Louisiana HOA laws, the board-friendly version.
You don’t need a law degree to serve on a board — but you should know which rules govern your community and where the lines are. Here’s the plain-English lay of the land in Louisiana.
The short version
In Louisiana, your governing documents come first, state law sets the floor, and good records keep you protected. When in doubt, get qualified legal advice — this is an overview, not a substitute for it.
Your governing documents come first
For most day-to-day questions, the answer lives in your community’s own governing documents — the declaration (CC&Rs), bylaws, and any recorded amendments. These define assessments, enforcement powers, voting, and board authority. State law fills gaps and sets boundaries, but your documents are the first place to look.

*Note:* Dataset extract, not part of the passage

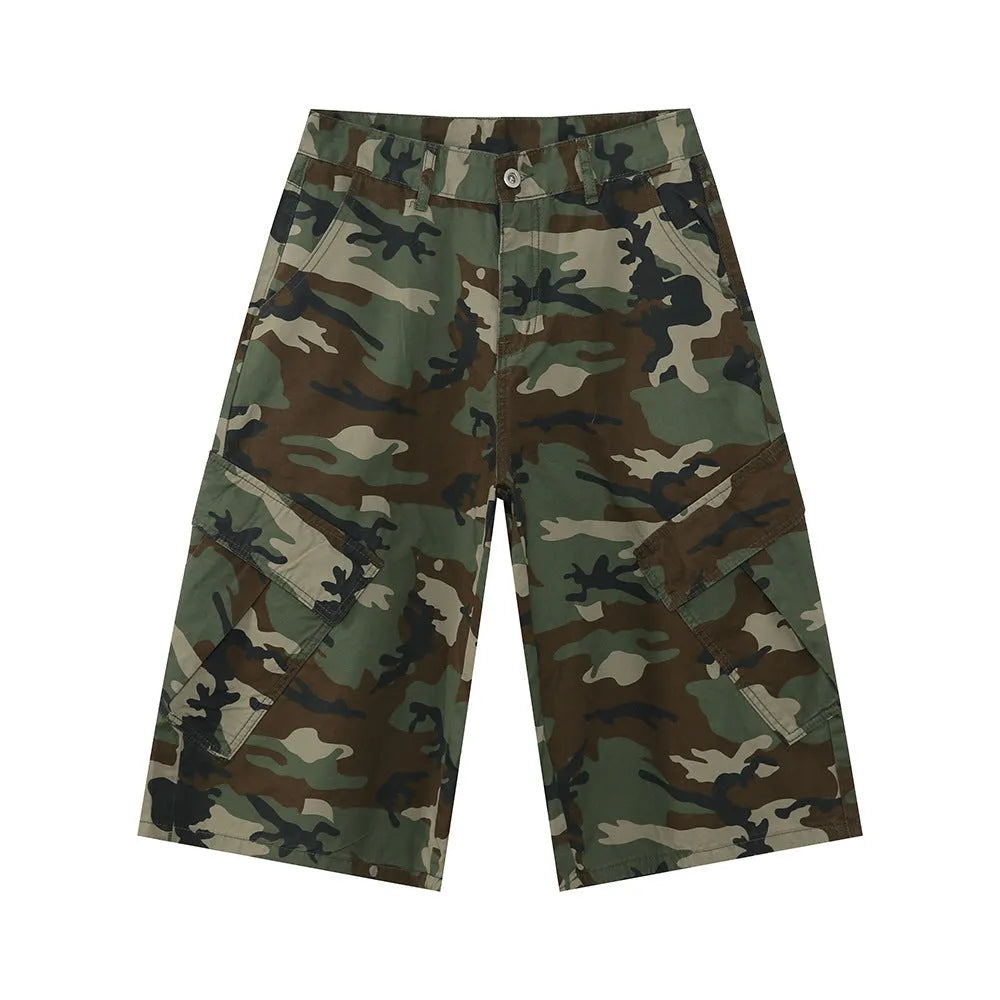 Men's cotton camouflage jeans with wide loose legs, cropped length and large side pockets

Know the framework around you
Louisiana associations generally operate under the state’s nonprofit corporation framework and property-law provisions governing covenants and, for condos, the condominium act. The specifics — notice requirements, assessment authority, lien rights — interact with your documents in ways worth understanding before a dispute, not during one.
Run clean meetings and keep clean records
Good governance is mostly good paperwork: proper notice of meetings, accurate minutes, documented votes, and financials shared openly. Beyond compliance, clean records are what protect individual board members when a decision is later questioned.
Know when to call a professional
Lien filings, serious delinquency, covenant disputes, and document amendments are the moments to involve a qualified Louisiana attorney. A good management company helps you see those moments coming — and keeps the routine 95% running smoothly so the lawyers are only needed for the 5%.
This article is general information for Louisiana boards, not legal advice. Laws change and every community’s documents differ — consult a qualified Louisiana attorney for your specific situation.